> [What is required]:
Without the pictures, give the entries below again exactly as written.

> [Records for this exercise]:
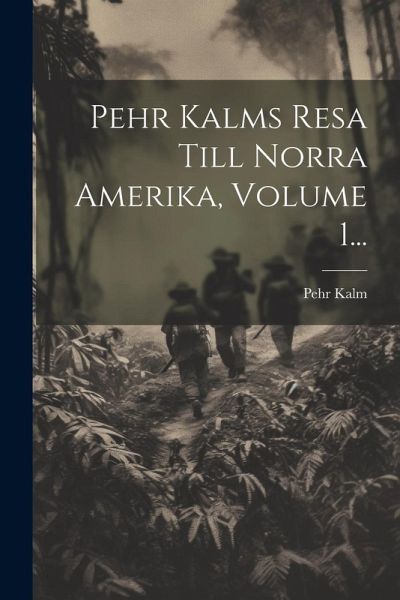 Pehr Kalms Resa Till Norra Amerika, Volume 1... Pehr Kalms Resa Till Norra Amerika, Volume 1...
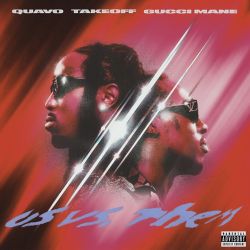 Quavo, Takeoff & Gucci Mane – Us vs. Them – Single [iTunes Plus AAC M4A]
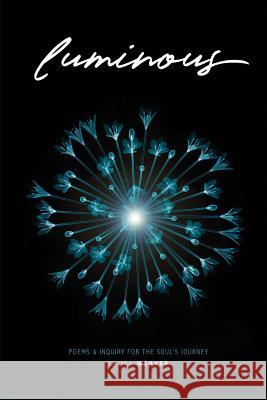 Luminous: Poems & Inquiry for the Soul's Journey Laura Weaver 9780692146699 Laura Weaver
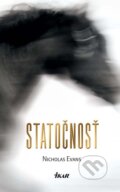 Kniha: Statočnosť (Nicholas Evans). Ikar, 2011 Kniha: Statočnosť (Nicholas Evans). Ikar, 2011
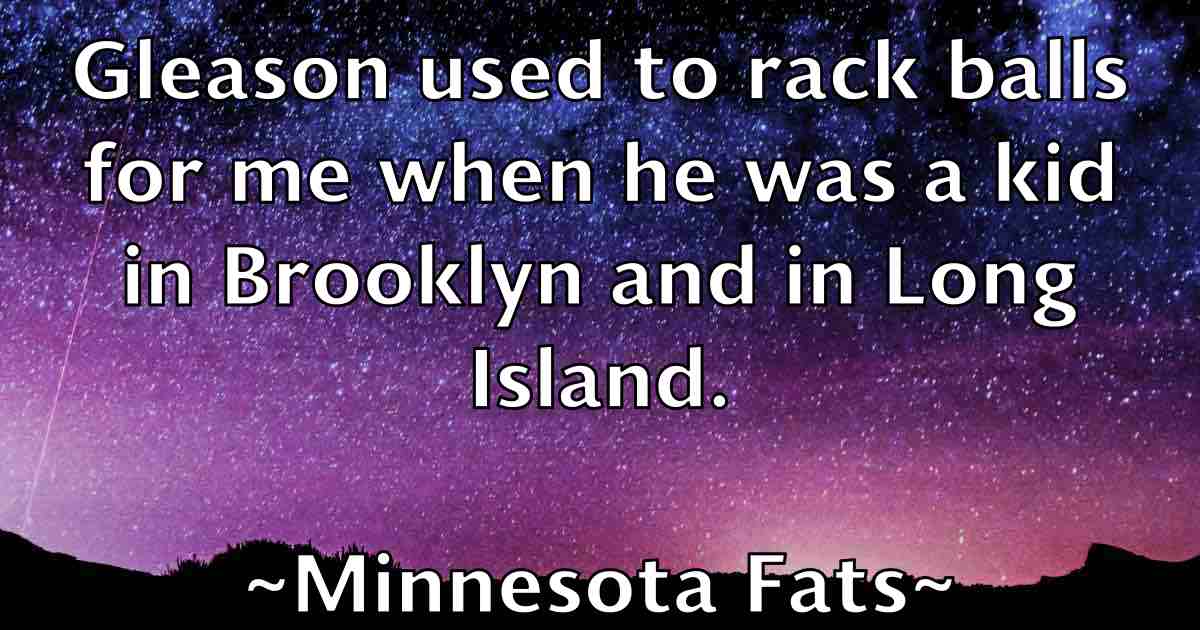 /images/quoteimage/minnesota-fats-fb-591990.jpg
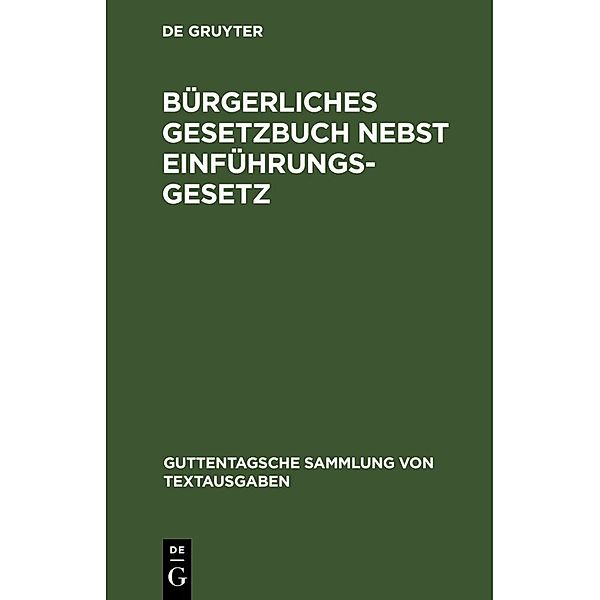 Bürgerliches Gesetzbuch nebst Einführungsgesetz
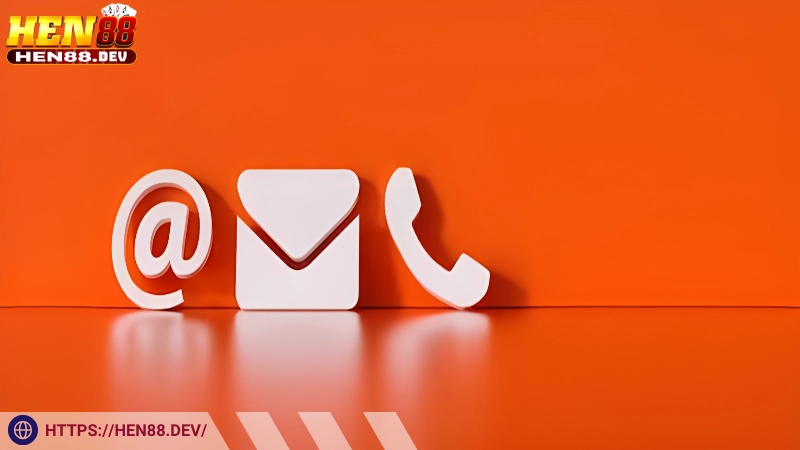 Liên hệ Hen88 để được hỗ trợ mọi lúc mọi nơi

> [Result for this task]:
 Pehr Kalms Resa Till Norra Amerika, Volume 1... Pehr Kalms Resa Till Norra Amerika, Volume 1...
 Quavo, Takeoff & Gucci Mane – Us vs. Them – Single [iTunes Plus AAC M4A]
 Luminous: Poems & Inquiry for the Soul's Journey Laura Weaver 9780692146699 Laura Weaver
 Kniha: Statočnosť (Nicholas Evans). Ikar, 2011 Kniha: Statočnosť (Nicholas Evans). Ikar, 2011
 /images/quoteimage/minnesota-fats-fb-591990.jpg
 Bürgerliches Gesetzbuch nebst Einführungsgesetz
 Liên hệ Hen88 để được hỗ trợ mọi lúc mọi nơi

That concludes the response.